Don’t be a Coward
What do you do when someone doesn’t fit on your team? (hint: don’t be a coward)
You, like many other people in leadership roles, will inevitably be faced with a situation where someone on your team is a horrible fit. It’s a hard conclusion to reach, but it will slap you in the face.
Misalignment among team members is common while approaching the issue head on is quite rare. Many managers see these situations and justify inaction with phrases like:
- maybe the problem will self-correct
- they’ll fall in line eventually
- different perspectives are good for innovation
- they bring in enough revenue to offset their attitude
- or my personal favorite: give them some time
These are all just excuses to do nothing. Hey, I get it, don’t ruffle feathers. Let the team self manage and eventually the person will leave because they know they don’t fit in.
The huge problem will this mentality is you are wasting precious time, resources, and emotions on someone that is an obvious bad fit. While it may correct itself in the coming weeks or months, you have failed to realize the impact to the continuity and productivity of your team.
How do you know someone is a bad fit? You know.
It is easily to see if someone has failed to assimilate to the role they are in. They will be obvious confrontation and dips in performance when teams are misaligned. Too often people in leadership roles justify doing nothing in an effort to keep the applecart righted, no matter how many rotten apples are on it. This sort of ‘hands off melding’ is tantamount to corporately sponsored stupidity.

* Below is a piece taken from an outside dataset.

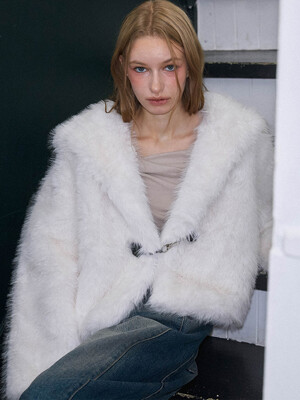 Sailor Buckle Fur Jacket [White]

Doing nothing is the same as making the decision to put that person on that team daily. Every single day that goes by is on that you are condoning this person’s behavior and the team’s agitation.
You are probably wondering what to do now…
Don’t be a COWARD!
If you are in a leadership role, it is you obligation to your organization and to every employee that looks to you for guidance to remove people that are an ill-fit to you company. Take out the emotion, the worry, or the rationalizations.
Now, ask yourself one question: Is this person strengthening or weakening the bonds of our team?
You may try to run back to revenue based discussions about how much business they bring in or how many client relationships they hold. Don’t. When people are given a pass for their attitude or for not being part of the team, the rest of the organization suffers.
I recently saw this first hand. A client of mine had a long time employee that continually spread descent and gossip among their teams. He had been there for over 8 years and felt that rules and chains of command were not applicable to him (I bet this sounds familiar to many of you in leadership roles). This person had a huge list of clients and often refused to report his actions and intentions to his direct report manager. This person’s behavior was tolerated (read endorsed) for years. His department was suffering and had been suffering for so long that no one knew it could be different.
After meeting with my client and reviewing employee surveys, it became apparent that this person needed to go. I made the suggestion and the age old excuses reared their ugly head:
“He’s too valuable”, “He’s always been like that”, “He’s been here forever”, “People know to avoid him”, “Our clients are familiar with him”, or “We’ve found a way to make it work”.
None of these excuses justified the horribly negative impact this person had on those that work with or near him. He had to be let go.
With a sense of courage, the president of the company made the very difficult, but right decision to remove this person. With all the fear of losing clients, revenue, and the respect of his team he let this person go.
His initial prediction was that they would lose 18-25% of that department’s revenue and it would take 6 months or so to regain the lost ground. His predictions were quite wrong.
With this person gone, the department increase their revenue by 34% in the first quarter of his absence. Unbeknownst to the executive team, the department had been in a stranglehold by this one individual and they were finally free to pursue business without being thwarted or undermined.
In a later conversation, the president of this company told me, “If I had known how negatively this person was affecting the team, I would have let him go 7 years ago.”
My advice to you is to stop being cowardly. If someone is a bad fit for your team, don’t justify their existence. Be courageous and do whats right for your organization!